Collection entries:
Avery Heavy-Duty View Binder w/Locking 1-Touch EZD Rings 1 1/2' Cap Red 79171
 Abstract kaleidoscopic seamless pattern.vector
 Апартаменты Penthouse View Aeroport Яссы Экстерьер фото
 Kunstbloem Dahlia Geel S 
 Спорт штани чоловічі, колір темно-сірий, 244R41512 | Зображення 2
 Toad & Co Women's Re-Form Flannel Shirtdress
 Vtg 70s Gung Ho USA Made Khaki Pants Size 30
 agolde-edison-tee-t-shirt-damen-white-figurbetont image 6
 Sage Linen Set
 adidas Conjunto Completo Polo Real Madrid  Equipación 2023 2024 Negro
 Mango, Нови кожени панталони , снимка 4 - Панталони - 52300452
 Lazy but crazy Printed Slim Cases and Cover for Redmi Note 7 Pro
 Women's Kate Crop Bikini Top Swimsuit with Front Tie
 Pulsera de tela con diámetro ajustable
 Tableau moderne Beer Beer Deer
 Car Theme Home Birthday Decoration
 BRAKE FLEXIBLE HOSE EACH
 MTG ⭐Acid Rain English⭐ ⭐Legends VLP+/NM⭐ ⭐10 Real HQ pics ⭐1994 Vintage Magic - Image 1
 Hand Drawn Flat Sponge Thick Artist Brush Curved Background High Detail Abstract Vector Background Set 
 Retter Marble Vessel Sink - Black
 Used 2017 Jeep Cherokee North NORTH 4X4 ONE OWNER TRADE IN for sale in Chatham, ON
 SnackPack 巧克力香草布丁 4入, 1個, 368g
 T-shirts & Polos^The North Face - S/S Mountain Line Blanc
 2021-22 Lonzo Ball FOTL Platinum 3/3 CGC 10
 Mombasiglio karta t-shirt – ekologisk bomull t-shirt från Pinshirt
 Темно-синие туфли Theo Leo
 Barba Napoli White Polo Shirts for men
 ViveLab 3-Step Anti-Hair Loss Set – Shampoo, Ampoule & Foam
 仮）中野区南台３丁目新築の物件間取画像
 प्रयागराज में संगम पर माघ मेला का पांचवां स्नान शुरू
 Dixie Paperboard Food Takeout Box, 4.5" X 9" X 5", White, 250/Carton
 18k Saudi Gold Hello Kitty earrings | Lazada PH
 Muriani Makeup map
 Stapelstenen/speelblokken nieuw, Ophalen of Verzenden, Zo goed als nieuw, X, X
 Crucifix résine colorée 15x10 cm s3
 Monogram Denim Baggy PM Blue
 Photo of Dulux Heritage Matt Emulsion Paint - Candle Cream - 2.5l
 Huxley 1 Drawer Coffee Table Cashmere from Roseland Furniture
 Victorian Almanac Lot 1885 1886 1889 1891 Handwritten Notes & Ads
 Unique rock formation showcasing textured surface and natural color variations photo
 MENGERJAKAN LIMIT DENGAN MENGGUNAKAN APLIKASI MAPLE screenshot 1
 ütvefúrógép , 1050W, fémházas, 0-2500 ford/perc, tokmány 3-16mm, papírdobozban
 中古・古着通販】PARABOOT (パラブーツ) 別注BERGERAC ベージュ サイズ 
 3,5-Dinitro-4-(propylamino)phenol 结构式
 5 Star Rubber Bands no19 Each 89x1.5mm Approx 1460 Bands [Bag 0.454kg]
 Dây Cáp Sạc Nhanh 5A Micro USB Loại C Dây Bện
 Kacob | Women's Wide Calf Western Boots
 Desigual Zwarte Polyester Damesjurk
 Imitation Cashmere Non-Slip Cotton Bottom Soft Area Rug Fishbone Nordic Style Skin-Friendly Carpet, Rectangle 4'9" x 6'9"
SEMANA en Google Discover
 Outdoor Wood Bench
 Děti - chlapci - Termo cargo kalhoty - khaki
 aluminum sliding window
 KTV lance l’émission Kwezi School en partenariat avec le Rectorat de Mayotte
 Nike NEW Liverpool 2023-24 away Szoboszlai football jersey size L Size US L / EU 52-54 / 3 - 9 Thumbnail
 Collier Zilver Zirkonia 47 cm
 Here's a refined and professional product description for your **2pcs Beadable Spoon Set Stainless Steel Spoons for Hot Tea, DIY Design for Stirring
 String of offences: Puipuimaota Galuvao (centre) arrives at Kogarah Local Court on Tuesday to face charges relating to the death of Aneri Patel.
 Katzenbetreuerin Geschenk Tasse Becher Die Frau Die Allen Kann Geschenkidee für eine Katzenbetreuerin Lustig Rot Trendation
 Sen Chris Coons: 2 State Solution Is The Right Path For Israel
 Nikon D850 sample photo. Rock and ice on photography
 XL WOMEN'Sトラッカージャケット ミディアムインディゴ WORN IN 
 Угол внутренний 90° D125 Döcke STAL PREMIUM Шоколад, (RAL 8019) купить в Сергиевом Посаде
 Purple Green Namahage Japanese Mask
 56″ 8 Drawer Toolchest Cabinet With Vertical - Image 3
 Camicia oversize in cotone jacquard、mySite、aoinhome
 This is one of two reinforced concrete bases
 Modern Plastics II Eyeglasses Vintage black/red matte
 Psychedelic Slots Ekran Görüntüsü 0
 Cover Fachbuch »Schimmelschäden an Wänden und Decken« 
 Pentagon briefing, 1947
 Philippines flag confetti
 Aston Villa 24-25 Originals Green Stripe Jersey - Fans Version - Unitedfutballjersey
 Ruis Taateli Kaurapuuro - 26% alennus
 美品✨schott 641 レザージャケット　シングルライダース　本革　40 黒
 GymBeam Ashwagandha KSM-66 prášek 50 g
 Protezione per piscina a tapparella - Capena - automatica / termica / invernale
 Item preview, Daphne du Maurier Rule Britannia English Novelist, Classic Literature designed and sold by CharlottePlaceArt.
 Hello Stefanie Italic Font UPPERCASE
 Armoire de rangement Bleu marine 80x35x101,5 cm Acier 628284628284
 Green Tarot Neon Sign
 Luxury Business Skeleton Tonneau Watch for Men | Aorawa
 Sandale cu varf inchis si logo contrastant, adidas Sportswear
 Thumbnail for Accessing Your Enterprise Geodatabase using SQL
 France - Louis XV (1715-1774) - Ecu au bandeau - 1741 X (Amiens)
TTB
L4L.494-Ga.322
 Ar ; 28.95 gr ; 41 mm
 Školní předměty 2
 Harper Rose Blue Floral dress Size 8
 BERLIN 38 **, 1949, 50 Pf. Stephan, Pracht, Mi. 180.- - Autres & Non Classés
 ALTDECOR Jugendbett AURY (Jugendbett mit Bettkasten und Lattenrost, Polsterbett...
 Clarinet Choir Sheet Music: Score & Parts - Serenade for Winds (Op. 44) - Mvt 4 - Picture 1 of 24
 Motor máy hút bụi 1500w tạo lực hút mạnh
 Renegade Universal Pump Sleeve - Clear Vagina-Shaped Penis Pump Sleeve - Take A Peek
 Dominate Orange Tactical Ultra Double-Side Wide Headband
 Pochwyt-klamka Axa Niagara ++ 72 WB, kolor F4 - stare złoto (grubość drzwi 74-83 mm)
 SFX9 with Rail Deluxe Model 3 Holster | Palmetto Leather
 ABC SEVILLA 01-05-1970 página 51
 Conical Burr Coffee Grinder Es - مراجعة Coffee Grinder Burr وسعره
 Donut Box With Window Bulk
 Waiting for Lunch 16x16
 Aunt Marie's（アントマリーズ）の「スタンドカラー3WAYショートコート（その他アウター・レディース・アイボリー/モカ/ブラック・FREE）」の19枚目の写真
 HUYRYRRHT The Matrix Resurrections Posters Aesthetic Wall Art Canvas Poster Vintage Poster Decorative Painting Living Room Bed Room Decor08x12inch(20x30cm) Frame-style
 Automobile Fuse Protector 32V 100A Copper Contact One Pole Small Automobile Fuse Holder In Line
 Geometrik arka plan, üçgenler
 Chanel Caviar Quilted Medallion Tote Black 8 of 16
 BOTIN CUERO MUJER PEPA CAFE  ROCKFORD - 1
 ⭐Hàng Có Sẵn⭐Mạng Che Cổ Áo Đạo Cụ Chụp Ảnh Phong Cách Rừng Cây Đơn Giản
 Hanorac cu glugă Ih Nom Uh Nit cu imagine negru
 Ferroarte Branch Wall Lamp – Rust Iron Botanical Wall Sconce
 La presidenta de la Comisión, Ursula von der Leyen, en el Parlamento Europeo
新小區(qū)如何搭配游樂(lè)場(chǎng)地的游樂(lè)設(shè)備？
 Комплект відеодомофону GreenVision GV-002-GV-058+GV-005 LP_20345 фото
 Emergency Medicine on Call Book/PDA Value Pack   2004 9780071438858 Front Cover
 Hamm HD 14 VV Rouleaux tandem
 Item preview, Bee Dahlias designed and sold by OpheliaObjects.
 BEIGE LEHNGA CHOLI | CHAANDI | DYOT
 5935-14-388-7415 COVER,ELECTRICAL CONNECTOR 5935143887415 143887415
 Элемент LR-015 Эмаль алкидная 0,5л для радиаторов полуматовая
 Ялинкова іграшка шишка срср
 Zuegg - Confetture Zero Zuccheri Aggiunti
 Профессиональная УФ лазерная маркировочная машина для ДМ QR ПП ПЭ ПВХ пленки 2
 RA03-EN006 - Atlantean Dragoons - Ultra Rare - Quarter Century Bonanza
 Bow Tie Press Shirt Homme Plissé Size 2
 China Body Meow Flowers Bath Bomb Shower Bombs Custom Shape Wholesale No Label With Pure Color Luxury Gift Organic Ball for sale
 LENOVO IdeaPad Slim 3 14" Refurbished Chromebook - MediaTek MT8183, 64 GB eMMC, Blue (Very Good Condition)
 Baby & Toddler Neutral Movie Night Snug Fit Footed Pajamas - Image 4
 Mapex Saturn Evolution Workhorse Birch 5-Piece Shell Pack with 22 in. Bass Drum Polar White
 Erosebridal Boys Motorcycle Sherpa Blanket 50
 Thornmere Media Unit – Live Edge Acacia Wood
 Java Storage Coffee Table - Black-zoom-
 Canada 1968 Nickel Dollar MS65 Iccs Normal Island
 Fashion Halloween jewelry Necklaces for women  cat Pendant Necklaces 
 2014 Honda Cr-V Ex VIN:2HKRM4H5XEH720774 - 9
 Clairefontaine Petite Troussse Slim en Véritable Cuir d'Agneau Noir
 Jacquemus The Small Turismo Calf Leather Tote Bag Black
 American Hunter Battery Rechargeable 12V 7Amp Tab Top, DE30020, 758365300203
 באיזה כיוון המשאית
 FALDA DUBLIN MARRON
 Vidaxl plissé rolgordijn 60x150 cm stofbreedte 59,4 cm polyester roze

Task to carry out:
Both end lines included, restate word for word the lines above from the line with "Sandale cu varf" to the line with "HUYRYRRHT The Matrix", and nothing else.

Result of the task:
 Sandale cu varf inchis si logo contrastant, adidas Sportswear
 Thumbnail for Accessing Your Enterprise Geodatabase using SQL
 France - Louis XV (1715-1774) - Ecu au bandeau - 1741 X (Amiens)
TTB
L4L.494-Ga.322
 Ar ; 28.95 gr ; 41 mm
 Školní předměty 2
 Harper Rose Blue Floral dress Size 8
 BERLIN 38 **, 1949, 50 Pf. Stephan, Pracht, Mi. 180.- - Autres & Non Classés
 ALTDECOR Jugendbett AURY (Jugendbett mit Bettkasten und Lattenrost, Polsterbett...
 Clarinet Choir Sheet Music: Score & Parts - Serenade for Winds (Op. 44) - Mvt 4 - Picture 1 of 24
 Motor máy hút bụi 1500w tạo lực hút mạnh
 Renegade Universal Pump Sleeve - Clear Vagina-Shaped Penis Pump Sleeve - Take A Peek
 Dominate Orange Tactical Ultra Double-Side Wide Headband
 Pochwyt-klamka Axa Niagara ++ 72 WB, kolor F4 - stare złoto (grubość drzwi 74-83 mm)
 SFX9 with Rail Deluxe Model 3 Holster | Palmetto Leather
 ABC SEVILLA 01-05-1970 página 51
 Conical Burr Coffee Grinder Es - مراجعة Coffee Grinder Burr وسعره
 Donut Box With Window Bulk
 Waiting for Lunch 16x16
 Aunt Marie's（アントマリーズ）の「スタンドカラー3WAYショートコート（その他アウター・レディース・アイボリー/モカ/ブラック・FREE）」の19枚目の写真
 HUYRYRRHT The Matrix Resurrections Posters Aesthetic Wall Art Canvas Poster Vintage Poster Decorative Painting Living Room Bed Room Decor08x12inch(20x30cm) Frame-style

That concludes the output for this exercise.